Pour présenter mon roman historique Le Crépuscule des papillons (Éditions Maïa), je publie en quatre parties un chapitre intitulé : les années sombres. Voici la première partie.
Consacré à Suzanne Thomazon, ce texte met en scène l’héroïne, enfermée pendant douze longues années dans la Tour de Constance d’Aigues-Mortes au milieu du XVIII° siècle.
Ce lieu d’enfermement des femmes, arrêtées par les Dragon du roi Louis XV, servait à punir celles des huguenotes qui luttaient pour la liberté de conscience et la liberté de culte.
La plus célèbre d’entre-elles fut Marie Durand.
Marc Fouquet
Novembre 2021.
Première partie.
À l’aube naissante, je prends un caillou crayeux de lœss ramassé dans la cour de la Tour qui en regorge. Je fais une toute petite croix sur le mur, le long duquel est posée ma paillasse. Chaque mois, je réunis ces croix par un trait horizontal, auquel j’affecte un numéro d’ordre. Toutes celles dont les paillasses touchent la muraille circulaire, font de même : « pour être conscientes du temps qui passe », comme nous le recommande souvent Marie Durand, avec son tempérament de résistante !
C’est à l’aide des signes et chiffres de ce repérage calendaire que j’ai enseigné à mon petit Jean-François – qui n’a connu que les espaces confinés de notre emprisonnement – les quatre opérations.

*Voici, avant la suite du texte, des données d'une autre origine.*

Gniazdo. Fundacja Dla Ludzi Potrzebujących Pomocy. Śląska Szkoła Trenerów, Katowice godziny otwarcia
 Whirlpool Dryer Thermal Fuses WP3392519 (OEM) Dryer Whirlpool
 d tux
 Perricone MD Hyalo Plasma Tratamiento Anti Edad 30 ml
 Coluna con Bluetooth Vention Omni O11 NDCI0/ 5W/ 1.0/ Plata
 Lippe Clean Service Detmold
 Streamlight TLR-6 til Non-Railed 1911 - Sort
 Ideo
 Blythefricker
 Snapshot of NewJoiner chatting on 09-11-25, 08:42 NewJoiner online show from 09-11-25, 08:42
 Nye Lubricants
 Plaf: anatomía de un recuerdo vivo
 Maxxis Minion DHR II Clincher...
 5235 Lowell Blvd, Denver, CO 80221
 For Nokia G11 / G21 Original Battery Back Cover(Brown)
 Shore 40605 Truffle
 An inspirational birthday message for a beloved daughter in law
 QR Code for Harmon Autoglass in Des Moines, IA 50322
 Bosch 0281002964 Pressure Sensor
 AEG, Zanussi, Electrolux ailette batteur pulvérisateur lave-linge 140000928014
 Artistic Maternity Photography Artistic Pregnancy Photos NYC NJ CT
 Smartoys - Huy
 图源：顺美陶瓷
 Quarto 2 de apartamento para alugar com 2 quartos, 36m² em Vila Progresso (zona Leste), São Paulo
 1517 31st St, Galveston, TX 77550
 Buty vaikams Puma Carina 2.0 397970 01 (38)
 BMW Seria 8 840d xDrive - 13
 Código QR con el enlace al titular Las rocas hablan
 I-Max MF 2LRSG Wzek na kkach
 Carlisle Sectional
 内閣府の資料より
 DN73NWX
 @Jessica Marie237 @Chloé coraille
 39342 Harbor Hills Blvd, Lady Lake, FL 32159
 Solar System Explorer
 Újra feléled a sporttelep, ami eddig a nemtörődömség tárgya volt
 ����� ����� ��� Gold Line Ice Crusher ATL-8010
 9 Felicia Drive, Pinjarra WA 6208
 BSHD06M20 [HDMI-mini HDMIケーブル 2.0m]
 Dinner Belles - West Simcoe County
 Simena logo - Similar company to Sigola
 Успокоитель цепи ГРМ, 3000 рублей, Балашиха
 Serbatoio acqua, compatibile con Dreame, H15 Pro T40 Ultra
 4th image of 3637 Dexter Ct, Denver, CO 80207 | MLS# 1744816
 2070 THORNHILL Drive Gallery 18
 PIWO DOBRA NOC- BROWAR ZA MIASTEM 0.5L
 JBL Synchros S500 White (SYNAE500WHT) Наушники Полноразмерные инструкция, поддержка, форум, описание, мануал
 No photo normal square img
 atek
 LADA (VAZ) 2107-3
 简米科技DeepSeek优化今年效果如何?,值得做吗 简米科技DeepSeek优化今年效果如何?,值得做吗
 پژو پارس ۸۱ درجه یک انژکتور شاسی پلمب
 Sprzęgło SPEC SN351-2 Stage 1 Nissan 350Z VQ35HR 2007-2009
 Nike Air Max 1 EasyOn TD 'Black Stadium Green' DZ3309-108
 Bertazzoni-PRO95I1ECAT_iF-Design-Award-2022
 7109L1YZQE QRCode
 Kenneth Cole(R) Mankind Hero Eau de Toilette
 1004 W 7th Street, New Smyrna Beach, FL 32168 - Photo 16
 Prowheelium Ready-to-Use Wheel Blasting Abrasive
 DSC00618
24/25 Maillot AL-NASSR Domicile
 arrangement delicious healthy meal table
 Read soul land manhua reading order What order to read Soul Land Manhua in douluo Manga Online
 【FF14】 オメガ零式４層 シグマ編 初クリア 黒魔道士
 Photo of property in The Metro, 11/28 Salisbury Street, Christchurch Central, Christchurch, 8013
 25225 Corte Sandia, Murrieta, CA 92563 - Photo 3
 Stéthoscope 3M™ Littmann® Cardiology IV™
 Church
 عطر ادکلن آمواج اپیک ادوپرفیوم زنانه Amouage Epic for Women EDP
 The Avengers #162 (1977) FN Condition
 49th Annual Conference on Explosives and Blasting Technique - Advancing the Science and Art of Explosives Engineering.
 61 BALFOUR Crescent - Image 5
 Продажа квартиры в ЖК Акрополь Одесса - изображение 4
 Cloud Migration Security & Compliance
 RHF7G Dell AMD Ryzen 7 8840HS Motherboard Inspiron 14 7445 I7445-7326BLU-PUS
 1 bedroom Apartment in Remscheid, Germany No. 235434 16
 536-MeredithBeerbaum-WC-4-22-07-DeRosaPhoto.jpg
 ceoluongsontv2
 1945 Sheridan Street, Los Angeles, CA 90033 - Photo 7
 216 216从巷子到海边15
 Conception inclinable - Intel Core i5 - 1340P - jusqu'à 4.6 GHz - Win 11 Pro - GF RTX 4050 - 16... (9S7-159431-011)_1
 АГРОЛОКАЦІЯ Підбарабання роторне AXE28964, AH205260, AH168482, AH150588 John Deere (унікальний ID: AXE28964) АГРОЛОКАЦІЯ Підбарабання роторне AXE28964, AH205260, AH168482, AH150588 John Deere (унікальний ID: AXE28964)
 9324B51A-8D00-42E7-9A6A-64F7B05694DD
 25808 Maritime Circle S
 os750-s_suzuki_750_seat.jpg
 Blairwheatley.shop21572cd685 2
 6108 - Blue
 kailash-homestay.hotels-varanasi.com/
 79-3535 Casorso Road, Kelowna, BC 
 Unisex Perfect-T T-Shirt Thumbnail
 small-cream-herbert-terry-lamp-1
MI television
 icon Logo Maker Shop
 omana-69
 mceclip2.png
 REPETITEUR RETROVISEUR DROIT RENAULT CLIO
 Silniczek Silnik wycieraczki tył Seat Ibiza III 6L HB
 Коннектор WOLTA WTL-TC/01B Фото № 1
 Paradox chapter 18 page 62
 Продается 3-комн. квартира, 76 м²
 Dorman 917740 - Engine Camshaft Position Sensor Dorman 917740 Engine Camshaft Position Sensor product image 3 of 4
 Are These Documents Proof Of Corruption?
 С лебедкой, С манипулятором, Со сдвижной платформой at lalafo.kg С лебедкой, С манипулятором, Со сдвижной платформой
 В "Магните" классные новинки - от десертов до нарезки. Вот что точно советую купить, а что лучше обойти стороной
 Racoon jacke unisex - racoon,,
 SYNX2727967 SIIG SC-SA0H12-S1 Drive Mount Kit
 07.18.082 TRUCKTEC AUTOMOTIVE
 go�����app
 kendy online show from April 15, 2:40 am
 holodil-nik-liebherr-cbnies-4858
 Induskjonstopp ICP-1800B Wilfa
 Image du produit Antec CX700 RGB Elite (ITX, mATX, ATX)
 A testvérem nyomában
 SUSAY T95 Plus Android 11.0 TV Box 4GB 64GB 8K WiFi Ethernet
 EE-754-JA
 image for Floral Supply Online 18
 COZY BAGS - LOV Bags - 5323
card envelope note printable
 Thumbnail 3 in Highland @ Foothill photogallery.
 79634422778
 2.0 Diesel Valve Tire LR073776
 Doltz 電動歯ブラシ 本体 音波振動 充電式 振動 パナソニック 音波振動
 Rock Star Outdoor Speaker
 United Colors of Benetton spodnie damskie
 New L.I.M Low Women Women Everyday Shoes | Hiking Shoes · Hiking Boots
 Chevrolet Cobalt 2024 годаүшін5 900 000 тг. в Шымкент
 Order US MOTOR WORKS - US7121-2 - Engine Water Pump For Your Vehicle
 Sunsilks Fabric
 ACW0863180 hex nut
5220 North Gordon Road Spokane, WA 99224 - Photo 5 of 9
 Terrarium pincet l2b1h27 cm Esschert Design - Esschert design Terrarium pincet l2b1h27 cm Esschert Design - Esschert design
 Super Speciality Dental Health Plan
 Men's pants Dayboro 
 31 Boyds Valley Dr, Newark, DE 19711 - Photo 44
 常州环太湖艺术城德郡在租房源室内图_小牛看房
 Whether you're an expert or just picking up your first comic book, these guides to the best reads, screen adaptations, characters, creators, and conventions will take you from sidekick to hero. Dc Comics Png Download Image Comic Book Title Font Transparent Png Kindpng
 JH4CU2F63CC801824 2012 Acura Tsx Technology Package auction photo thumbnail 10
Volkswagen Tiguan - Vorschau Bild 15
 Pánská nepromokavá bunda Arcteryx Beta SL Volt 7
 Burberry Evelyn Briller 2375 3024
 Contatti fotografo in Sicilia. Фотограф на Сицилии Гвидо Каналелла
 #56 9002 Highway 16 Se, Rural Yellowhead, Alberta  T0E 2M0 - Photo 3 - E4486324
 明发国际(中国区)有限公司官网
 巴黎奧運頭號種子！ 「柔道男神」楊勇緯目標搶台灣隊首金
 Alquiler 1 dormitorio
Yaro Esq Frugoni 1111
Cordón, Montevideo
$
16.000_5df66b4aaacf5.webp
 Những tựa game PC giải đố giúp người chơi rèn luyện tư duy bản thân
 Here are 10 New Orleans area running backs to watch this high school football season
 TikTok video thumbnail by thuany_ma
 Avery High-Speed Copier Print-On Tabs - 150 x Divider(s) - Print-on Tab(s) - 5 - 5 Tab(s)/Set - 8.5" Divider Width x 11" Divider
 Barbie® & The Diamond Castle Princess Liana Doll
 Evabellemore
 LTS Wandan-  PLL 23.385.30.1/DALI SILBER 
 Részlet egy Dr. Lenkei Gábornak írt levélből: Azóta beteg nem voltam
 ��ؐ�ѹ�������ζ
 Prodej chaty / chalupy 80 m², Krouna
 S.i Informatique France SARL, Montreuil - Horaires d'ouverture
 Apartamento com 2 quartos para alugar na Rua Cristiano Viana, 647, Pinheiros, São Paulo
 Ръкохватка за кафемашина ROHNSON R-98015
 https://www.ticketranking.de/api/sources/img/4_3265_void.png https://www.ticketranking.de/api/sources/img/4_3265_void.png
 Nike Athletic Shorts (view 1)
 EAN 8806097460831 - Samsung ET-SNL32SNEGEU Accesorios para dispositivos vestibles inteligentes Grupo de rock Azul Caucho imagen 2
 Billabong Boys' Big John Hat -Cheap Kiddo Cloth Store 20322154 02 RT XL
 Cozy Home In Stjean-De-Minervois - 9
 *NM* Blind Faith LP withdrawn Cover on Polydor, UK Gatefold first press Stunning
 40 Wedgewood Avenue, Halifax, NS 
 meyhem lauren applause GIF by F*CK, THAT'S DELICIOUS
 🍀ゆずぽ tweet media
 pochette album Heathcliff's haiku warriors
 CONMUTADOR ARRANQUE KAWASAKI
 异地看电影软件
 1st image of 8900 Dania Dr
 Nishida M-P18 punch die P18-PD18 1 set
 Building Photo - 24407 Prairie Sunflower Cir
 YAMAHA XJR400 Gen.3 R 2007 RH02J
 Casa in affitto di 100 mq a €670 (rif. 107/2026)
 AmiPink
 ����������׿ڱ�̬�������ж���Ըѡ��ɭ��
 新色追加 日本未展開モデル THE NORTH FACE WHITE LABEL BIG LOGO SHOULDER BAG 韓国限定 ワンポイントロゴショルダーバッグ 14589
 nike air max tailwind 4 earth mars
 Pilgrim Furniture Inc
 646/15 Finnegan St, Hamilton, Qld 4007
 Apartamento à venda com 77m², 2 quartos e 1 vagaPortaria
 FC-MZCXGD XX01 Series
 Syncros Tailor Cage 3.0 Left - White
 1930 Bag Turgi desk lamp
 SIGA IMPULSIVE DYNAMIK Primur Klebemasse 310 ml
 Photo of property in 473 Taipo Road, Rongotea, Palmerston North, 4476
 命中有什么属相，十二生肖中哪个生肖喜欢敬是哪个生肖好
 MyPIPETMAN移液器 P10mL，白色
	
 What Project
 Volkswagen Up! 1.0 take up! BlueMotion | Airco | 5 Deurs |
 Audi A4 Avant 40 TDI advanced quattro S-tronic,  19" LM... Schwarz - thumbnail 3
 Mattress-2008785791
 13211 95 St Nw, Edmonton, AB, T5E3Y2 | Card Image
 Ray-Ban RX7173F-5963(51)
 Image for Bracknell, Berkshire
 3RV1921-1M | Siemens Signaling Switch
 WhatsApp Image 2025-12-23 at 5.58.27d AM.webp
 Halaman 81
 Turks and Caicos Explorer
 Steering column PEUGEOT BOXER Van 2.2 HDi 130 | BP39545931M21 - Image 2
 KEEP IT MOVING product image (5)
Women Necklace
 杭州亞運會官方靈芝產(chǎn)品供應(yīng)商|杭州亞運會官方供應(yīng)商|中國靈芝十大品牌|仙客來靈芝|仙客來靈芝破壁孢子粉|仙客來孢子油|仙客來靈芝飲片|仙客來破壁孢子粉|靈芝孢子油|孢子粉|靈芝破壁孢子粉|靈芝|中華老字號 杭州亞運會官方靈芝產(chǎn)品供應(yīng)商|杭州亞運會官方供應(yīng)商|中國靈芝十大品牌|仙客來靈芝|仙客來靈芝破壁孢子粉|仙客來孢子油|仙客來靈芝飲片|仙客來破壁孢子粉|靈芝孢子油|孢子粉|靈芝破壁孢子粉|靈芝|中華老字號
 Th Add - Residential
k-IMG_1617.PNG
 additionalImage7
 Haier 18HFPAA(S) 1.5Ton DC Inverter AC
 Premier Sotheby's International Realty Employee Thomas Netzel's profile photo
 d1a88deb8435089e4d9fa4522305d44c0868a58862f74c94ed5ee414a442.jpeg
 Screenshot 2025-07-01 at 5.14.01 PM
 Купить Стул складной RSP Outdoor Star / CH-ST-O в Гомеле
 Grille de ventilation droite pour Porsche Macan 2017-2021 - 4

Aujourd’hui, je viens d’inscrire le numéro quatre-vingt-quatre sur le mur. Sept ans ! Sept ans que je suis enfermée ici, parce que j’eus le malheur de naître huguenote et de vouloir vivre en tant que telle. Le découragement me gagne fréquemment. Mais à chaque fois qu’il m’envahit de son lourd manteau d’amertume, par je ne sais qu’elle pulsion vitale, je rebondis. Je m’accroche à cette idée – peut-être fausse, au regard de notre long isolement, mais tellement puissante – de liberté à recouvrer. Profondément ancrée en moi, je crois avoir une force de caractère, qu’assurément je tiens de mon père. Elle me raffermit dans ma rébellion opiniâtre, de tout instant, à nos garde-chiourmes. Rares sont ceux qui nous considèrent comme des personnes à part entière.
Dans ce microcosme féminin de promiscuité, de noirceur et de privation de nourriture, plusieurs exercent contre nous des sévices quotidiens.
Dans les jours suivants leur incarcération, les jeunes femmes, généralement arrêtées dans une assemblée du Désert, fussent-elles à peine pubères, sont entrainées dans les bas-fonds du bâtiment carcéral pour y être violées. Rien ne résiste à la cruauté et à la perversité de ces gardiens, surtout pas la virginité de filles juvéniles ; d’ailleurs considérée, par eux, comme une aubaine.
Nos géôliers se prélassent dans la fange de leurs âmes corrompues !
Alors que je nourrissais tant bien que mal mon petit Jean-François, ai-je été contrainte d’avoir des relations sexuelles avec un salaud de gardien. Ayant manifestement pris son plaisir avec mon corps, l’homme a perpétré durant plusieurs jours son acte ignoble. Son attitude de prédateur, tel l’ogre se servant de viande fraîche dans son garde-manger d’êtres vivants, me fit vomir de dégoût.
Les actes liés à notre incarcération peuvent être d’un grand raffinement.